A few days later, another role comes up. This one in a pilot episode of a soap opera that, according to the producer, is to be the Nollywood version of
Friends. I am brought in to play a white guy who has recently moved to the main character’s neighborhood. There is the possibility of a recurring role, so I am particularly excited on the first day of shooting.
The production company office is empty when I arrive. I knock on a few doors, but no one is there. Back outside, I find the director on his cell phone, frantically calling all the actors who are supposed to already be shooting scenes. He sees me and apologizes, but says that I will have to wait a few minutes for the actors in my scene to show up. Minutes turn into hours, and the necessary cast members do not assemble until well into the afternoon, at which point the director sits everyone down for a lecture on how to behave properly in a professional setting. One by one he admonishes them for their tardiness. I sit in a corner, comfortable knowing that I had been on time. But then he is speaking to me.
“Isn’t that right, William?”
“Isn’t what right?”
“A professional actor does not chew gum during a meeting,” he says. Everyone is looking at me. “Is that how they do it in America? Do the famous actors sit there chomping on a piece of gum while the director speaks?”
“Um, I really wouldn’t --"
"No, they don’t,” he says. My face and neck are very hot all of the sudden, and I hang my head, trying not to move my jaw.
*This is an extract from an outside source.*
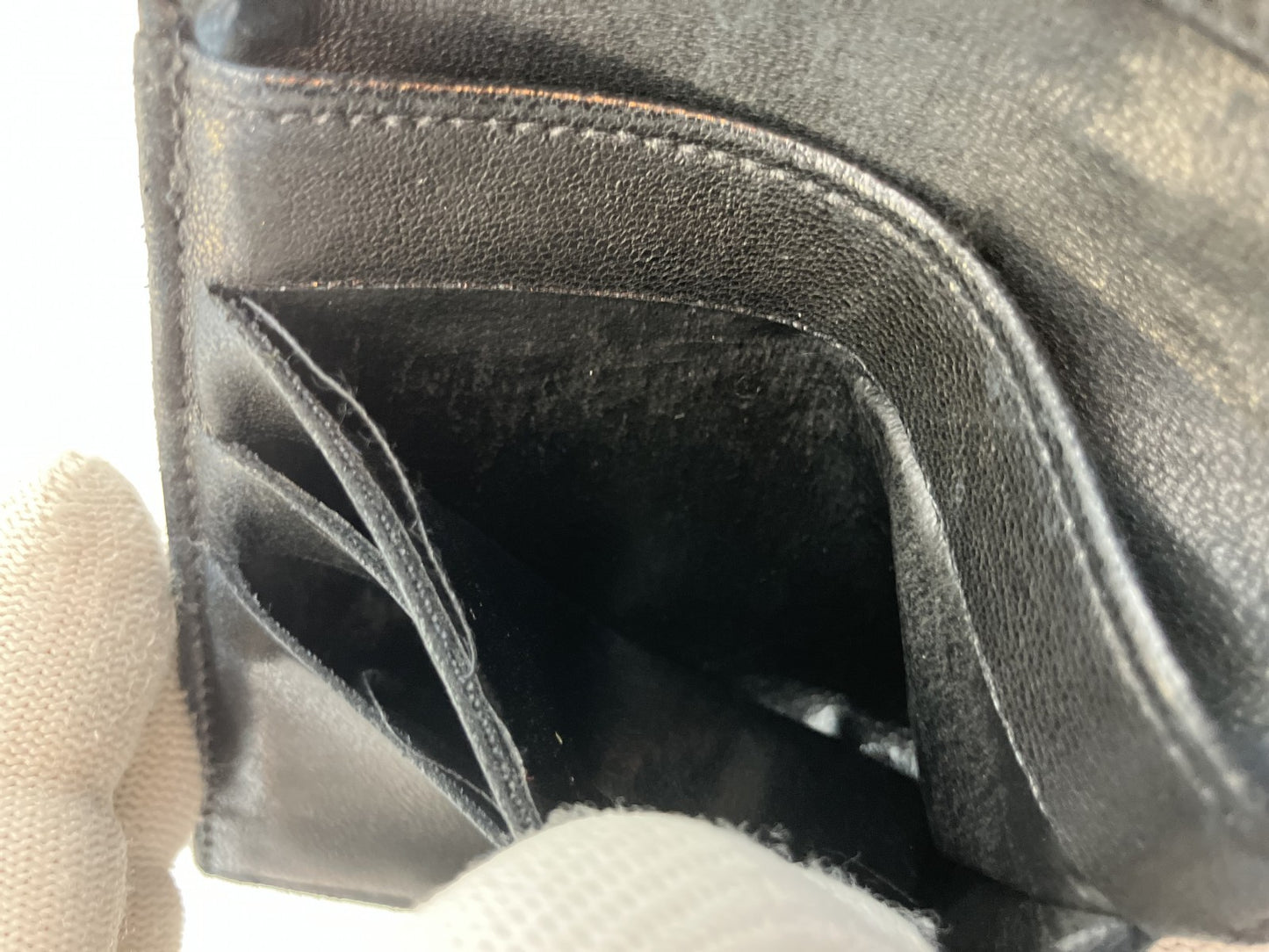 CHANEL Caviar Skin Wallet Compact Bifold Wallet Black No Seal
Admonishments done with, we all walk to a local soccer stadium to shoot a few scenes. Within minutes a guard appears and kicks us out for not having permission to film there. Then it’s on to a grocery store, its aisles crowded with shoppers just out from work. Two shots take three hours. Finally it is time for my scene, set in a tacky gift shop whose owner is ready to close.
Two actresses are to spot me as the potentially wealthy new neighbor and chat me up. I am supposed to become indignant and unleash a self-righteous diatribe about the money-grubbing proclivities of Nigerian women, then storm out of the store. Despite the questionable merit of the writing, I am thrilled to be able to test out my acting chops. My last meaty role had been in a poorly attended college production of a Steve Martin play.
The thirteen hours of waiting are finally over. The scene begins, and the first actress gets one line off. Then the power goes out.
Outside on the street, the actors and crew laugh and pass around bottles of spiked pineapple juice. No one seems frustrated. Even the director is smiling and sipping a drink. They are used to the delays, the frustrations, the prickling heat. I stand to the side, upset that the whole miserable day had come to nothing. I realize that if I am going to make it in Nollywood, I have to adapt. So I take a deep breath and rejoin the group. They pass me a bottle and I take a sip of the bitter drink, then press the cool bottle to my forehead.